**Problem details**. Between the line containing "Unbreakable 3-piece suitcase" and the line containing "Blondo NWOB Suri" lies a run of lines; give that run again exactly, with both of those lines, and nothing else from the entries below.

**Short text fragments from websites**.
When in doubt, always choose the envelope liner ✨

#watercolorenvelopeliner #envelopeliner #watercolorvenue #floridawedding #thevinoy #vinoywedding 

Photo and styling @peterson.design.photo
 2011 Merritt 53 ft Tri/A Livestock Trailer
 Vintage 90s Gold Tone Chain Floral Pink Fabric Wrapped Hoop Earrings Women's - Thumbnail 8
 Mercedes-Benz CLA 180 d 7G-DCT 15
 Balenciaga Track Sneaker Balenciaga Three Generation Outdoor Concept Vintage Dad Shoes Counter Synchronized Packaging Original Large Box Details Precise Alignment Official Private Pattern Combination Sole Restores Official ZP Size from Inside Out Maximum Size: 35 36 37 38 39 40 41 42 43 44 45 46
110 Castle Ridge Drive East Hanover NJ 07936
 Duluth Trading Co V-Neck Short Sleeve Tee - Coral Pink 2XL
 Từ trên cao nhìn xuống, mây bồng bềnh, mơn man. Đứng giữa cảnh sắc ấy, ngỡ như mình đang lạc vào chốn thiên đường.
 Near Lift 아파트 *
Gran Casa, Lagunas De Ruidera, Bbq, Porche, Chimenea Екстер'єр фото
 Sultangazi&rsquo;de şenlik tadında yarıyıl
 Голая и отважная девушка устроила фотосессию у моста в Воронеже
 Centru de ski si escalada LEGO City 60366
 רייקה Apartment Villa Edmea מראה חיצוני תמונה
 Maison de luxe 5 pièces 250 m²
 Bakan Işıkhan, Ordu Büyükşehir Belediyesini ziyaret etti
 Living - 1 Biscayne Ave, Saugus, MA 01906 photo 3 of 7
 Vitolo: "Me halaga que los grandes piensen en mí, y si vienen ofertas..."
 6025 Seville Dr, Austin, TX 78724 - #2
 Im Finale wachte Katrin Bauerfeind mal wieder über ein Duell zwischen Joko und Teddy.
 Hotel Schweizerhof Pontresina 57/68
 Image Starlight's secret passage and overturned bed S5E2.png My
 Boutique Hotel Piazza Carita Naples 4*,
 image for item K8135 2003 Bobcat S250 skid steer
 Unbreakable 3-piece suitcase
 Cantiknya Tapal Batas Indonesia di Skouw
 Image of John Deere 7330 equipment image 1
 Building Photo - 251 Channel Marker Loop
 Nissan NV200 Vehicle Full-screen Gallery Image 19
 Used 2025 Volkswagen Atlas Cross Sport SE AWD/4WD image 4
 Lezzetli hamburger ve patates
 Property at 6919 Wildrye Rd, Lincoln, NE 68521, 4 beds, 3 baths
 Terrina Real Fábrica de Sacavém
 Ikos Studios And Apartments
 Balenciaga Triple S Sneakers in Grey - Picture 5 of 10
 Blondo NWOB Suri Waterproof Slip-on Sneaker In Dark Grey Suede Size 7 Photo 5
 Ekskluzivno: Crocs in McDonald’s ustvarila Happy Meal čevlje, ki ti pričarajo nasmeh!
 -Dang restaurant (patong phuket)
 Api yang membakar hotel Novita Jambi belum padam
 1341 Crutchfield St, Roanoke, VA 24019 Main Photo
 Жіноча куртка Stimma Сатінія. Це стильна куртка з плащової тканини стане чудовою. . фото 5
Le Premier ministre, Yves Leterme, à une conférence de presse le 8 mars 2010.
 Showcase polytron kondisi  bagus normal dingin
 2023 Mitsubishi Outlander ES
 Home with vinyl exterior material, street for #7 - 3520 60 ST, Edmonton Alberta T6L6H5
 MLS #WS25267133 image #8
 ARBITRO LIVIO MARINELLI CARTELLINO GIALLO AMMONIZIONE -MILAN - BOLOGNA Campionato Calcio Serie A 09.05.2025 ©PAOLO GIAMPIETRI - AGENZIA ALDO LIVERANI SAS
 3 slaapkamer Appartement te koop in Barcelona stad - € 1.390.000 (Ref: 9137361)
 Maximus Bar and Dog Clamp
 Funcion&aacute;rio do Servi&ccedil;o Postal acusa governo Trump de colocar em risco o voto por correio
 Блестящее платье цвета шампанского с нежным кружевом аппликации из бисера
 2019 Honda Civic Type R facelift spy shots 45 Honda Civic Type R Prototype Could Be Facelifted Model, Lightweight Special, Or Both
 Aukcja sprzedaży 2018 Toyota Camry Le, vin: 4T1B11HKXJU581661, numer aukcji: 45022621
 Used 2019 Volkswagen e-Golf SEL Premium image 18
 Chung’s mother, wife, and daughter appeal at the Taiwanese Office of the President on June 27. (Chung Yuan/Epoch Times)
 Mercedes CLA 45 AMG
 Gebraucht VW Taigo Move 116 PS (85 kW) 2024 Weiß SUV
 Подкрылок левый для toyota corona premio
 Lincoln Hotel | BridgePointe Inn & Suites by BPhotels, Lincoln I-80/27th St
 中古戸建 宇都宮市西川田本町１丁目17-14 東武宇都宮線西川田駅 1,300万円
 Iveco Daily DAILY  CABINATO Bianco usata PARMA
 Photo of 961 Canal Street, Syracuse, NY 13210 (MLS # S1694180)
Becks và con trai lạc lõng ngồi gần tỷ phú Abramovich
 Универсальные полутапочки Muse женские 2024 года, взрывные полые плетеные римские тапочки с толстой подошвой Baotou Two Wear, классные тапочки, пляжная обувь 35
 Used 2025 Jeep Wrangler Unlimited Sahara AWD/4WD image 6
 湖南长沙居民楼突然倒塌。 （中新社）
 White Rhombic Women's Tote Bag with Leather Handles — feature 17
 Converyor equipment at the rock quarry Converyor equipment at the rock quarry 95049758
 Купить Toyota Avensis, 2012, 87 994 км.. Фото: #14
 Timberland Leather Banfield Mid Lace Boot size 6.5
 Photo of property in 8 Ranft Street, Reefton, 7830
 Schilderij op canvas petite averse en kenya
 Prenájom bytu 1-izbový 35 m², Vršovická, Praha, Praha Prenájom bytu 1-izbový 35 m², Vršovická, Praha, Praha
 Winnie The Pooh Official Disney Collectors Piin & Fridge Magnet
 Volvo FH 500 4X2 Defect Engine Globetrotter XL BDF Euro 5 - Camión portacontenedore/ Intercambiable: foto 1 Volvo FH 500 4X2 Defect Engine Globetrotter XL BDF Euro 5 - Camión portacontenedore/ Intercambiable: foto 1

**Solution below**.
 Unbreakable 3-piece suitcase
 Cantiknya Tapal Batas Indonesia di Skouw
 Image of John Deere 7330 equipment image 1
 Building Photo - 251 Channel Marker Loop
 Nissan NV200 Vehicle Full-screen Gallery Image 19
 Used 2025 Volkswagen Atlas Cross Sport SE AWD/4WD image 4
 Lezzetli hamburger ve patates
 Property at 6919 Wildrye Rd, Lincoln, NE 68521, 4 beds, 3 baths
 Terrina Real Fábrica de Sacavém
 Ikos Studios And Apartments
 Balenciaga Triple S Sneakers in Grey - Picture 5 of 10
 Blondo NWOB Suri Waterproof Slip-on Sneaker In Dark Grey Suede Size 7 Photo 5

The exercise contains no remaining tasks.